Embassy Bomber Set for Extradition
A Saudi man accused of conspiring with Osama bin Laden in the bombings of two US embassies expects to be extradited to face charges after more than 12 years in British custody, according to documents which have emerged from a US court.
Prosecutors in New York have charged Khalid al-Fawwaz with helping al-Qaida to orchestrate the 1998 car bombings of the US embassies in Kenya and Tanzania, which killed 224 people.
A letter from a lawyer seeking to be appointed as Fawwaz's US defense counsel said: "He [Fawwaz] anticipates extradition from the United Kingdom to the United States within the next few months to face these charges."
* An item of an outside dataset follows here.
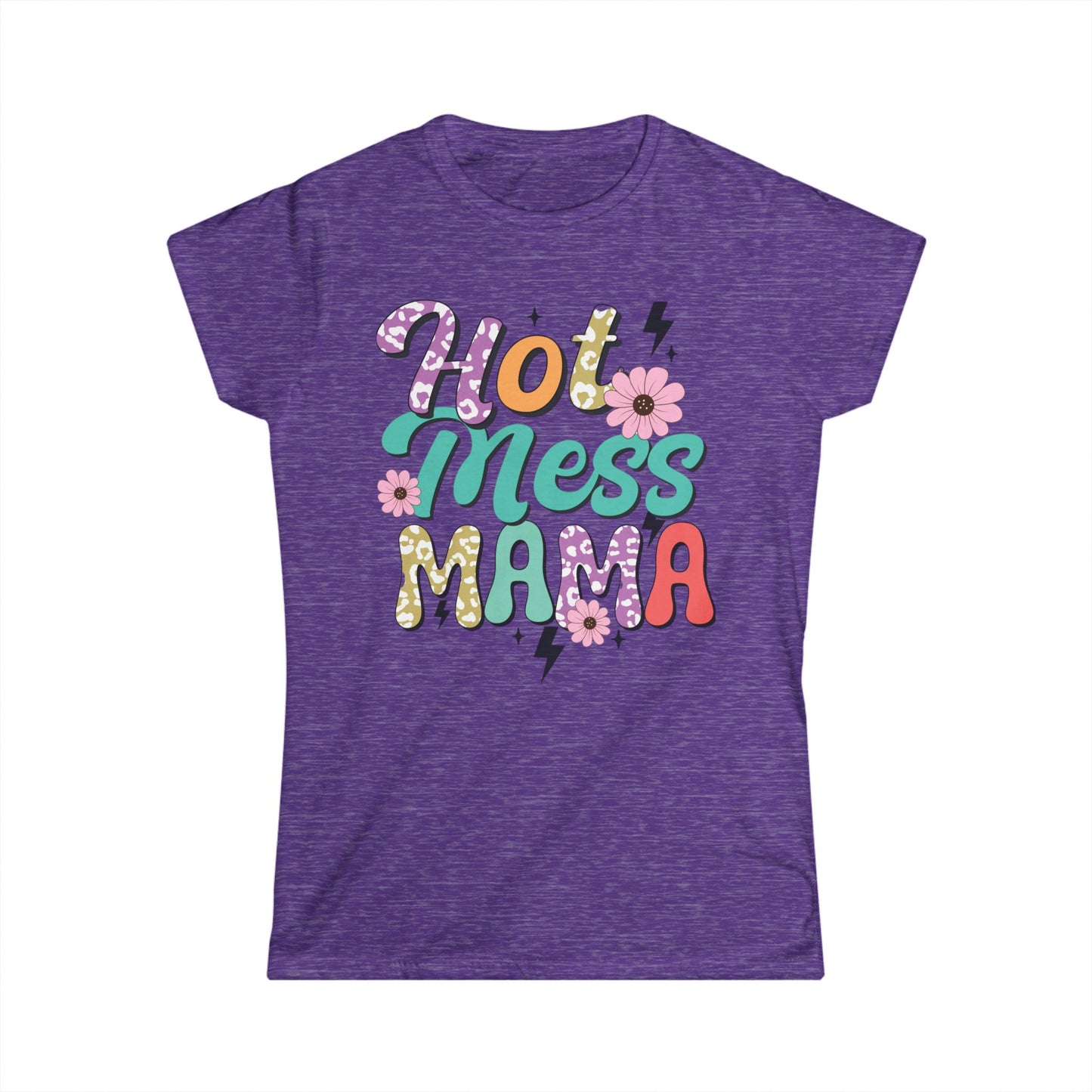 Hot Mess Mama Women's Tee - Fun, Casual Wear for Moms, Great for Mother's Day, Birthday Gift, Family Gatherings, Everyday Style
The lawyer, David Kirby, told Reuters that he had been in touch with Fawwaz's British lawyers, who he said had told him they had exhausted all efforts to fight Fawwaz's extradition, and he could arrive in the US in the next few weeks.
Kirby's request to be appointed as Fawwaz's US defence lawyer was denied by Judge Lewis Kaplan of Manhattan federal court, who is presiding over the case. He asked him to renew his application once Fawwaz arrives.
Four co-defendants of Ghailani were convicted of all charges, including joining an al-Qaida conspiracy to kill US nationals, during a 2001 trial in New York.
Fawwaz, who was arrested in 1998, moved to London in the 1990s from Kenya with his family, and established an organisation called the Advice and Reformation Committee, a political group headed by Bin Laden that was said to be campaigning for peaceful reform in Saudi Arabia.
US investigators said Bin Laden, through Fawwaz, published several threats against the US in the 1990s for keeping troops in Saudi Arabia, and also against so-called crusaders for allegedly waging war on Muslims.
Fawwaz has fought against his extradition, denied any involvement with Bin Laden and rejected allegations that the committee was a British arm of al-Qaida.
Ahmed Ghailani, a former bodyguard for Bin Laden, was sentenced to life in prison in January over the embassy bombings, following a six-week trial in Manhattan. He was the first former Guantánamo Bay detainee to face a civilian trial in the US.
He was captured in 2004 in Pakistan after a battle with government troops, and was later found guilty of being part of the plot in which hundreds of were killed in twin bombings in Kenya and Tanzania.